Regardless of which narrative you prescribe to, homeless people and other itinerants are pretty much ignored in most societies  (indeed, even in countries where people are predominately poor, you find vast amounts of segregation based on class and income, creating a virtual state within a state in some extreme cases). We go about our everyday lives not consciously aware of them, and even upon a chance encounter with one, we do our best to look away or not really acknowledge their existence. I know there are reasons for this beyond mere callousness, but it still fascinates me nonetheless.

Thankfully, I’m not the only one who is curious about all this. A photographer  form the UK named Lee Jefferies has pretty much made a career out of depicting the rawness and depth of the homeless, giving them an intense level of humanity through detailed black-and-white portraits. Most of those pictured are from his native Britain, as well as continental Europe and the US. They all display striking character in their expression and features. Interestingly, many of them appear elderly or close to it.

A link to these images, twenty-five in total, can be found here, with many more available here. The collection is quite large, but the sheer diversity of subjects is captivating. If anyone is interested in looking at more of his excellent work besides that of the homeless, Jefferies  has over a hundred more photos of various other subjects in his Flickr account.

Since I was a child, I’ve always been fascinated by homeless people. I grew up in a relatively well-off, middle-class family. I lived comfortably and satisfied, and the very idea of eking out an existence on the streets or in condemned housing seemed both unimaginably awful and remarkably inspiring. I thought about the lack of a warm bed, good food, personal amenities, and dignity. I thought of what it must be like to live in such a lonely, cold, dirty, and unhealthy environment, with everyone looking down on your or pitying you. You have to take your pick between being a subject of pity, often patronizing as it were, or outright contempt and hostility; you were either a poor, unfortunate wretch, or the scum of society. Either way, you existed in a different world that was shuttered away from most of the more fortunate.
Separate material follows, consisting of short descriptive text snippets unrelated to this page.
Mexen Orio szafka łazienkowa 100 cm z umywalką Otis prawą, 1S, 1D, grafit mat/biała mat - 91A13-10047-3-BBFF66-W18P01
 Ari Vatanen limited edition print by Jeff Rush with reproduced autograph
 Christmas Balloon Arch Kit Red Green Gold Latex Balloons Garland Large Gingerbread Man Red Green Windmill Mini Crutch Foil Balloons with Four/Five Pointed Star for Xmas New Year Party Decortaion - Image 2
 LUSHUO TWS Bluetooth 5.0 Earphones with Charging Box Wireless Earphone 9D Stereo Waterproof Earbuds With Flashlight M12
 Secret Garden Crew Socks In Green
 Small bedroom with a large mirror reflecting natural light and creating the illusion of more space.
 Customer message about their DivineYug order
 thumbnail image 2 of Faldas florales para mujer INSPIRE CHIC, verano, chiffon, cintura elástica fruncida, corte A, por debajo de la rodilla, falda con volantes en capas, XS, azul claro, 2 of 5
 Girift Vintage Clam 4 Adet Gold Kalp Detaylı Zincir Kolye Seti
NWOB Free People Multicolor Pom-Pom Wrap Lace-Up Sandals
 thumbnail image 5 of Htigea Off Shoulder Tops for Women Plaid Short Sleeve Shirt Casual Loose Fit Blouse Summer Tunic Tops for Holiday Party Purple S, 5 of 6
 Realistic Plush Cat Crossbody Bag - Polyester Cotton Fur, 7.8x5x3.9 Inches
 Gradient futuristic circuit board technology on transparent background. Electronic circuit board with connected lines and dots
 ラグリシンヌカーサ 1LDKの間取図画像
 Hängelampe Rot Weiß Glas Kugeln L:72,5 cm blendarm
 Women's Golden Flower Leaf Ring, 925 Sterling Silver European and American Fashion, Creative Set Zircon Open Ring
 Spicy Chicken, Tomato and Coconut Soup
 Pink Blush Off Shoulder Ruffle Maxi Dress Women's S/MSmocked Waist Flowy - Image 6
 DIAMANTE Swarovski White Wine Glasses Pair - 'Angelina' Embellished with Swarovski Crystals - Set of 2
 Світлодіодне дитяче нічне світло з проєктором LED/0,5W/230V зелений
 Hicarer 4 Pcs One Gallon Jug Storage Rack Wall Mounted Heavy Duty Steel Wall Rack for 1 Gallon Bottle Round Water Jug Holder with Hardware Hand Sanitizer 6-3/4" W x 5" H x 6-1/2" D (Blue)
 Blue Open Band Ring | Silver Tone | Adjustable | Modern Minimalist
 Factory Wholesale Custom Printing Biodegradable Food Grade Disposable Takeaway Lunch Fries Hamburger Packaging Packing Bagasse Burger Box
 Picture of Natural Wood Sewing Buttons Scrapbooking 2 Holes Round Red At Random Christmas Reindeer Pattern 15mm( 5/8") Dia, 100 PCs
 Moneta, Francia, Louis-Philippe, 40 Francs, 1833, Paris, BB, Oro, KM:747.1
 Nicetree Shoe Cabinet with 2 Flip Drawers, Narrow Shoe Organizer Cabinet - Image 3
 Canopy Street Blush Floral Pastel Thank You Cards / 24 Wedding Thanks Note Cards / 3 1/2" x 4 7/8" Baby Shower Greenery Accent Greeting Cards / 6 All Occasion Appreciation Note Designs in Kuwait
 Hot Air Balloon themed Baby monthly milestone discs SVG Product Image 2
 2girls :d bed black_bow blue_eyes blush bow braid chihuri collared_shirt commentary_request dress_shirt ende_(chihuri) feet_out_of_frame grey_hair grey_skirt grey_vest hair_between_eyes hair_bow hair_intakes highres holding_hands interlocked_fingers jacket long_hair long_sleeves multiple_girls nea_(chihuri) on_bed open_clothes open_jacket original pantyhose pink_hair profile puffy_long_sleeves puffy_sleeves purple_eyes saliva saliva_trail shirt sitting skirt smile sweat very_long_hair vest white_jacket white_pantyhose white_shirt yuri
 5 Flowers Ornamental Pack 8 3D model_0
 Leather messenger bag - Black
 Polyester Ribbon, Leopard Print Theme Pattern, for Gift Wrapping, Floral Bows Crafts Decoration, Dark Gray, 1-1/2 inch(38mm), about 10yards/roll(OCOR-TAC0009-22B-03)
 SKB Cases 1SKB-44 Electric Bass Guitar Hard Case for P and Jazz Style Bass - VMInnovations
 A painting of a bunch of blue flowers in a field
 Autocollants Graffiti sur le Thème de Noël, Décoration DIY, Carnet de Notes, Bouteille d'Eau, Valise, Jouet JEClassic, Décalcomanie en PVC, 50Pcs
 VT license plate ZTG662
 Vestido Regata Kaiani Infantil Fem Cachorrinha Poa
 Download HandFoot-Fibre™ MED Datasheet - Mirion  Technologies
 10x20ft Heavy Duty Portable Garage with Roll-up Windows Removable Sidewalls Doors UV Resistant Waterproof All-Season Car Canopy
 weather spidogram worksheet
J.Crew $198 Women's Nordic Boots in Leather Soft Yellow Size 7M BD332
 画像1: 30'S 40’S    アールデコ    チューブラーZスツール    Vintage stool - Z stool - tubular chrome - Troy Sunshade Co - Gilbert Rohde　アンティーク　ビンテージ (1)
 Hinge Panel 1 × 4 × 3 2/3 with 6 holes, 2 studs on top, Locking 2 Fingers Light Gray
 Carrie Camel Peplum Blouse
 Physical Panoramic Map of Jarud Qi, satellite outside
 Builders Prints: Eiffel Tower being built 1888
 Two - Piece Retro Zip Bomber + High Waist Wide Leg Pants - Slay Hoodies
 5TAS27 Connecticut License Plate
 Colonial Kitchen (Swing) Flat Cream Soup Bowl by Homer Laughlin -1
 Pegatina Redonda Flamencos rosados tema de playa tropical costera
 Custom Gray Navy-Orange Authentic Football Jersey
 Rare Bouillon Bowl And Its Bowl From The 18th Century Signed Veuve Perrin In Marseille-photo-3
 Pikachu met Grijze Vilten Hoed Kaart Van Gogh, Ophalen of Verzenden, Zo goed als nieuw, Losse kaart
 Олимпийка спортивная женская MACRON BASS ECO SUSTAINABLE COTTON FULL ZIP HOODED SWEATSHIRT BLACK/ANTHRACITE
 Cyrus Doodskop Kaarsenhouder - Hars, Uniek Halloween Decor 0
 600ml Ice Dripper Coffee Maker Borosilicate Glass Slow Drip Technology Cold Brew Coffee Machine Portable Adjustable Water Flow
As usual, I’m sure I’m romanticizing all this far more than I should. Reality is usually far more stark and straightforward. But I don’t care. It’s these victims of misfortune and cruel chance that remind me how luck I am to be sitting in the comfort of my room, surrounded by my nice things, writing about them. It’s their plight that has committed me to doing everything I can to make sure as many of them – if even just one of them – can be brought out of such misery and given a chance as possible. Few people deserve such a fate, and fewer still should be forgotten just because it’s befallen them. Anyone of us has as much chance as being in these photos as we do looking at them through our personal computers.

Many thanks to my good friend Mike for introducing me to these pics and, as always, spurring some deep reflections.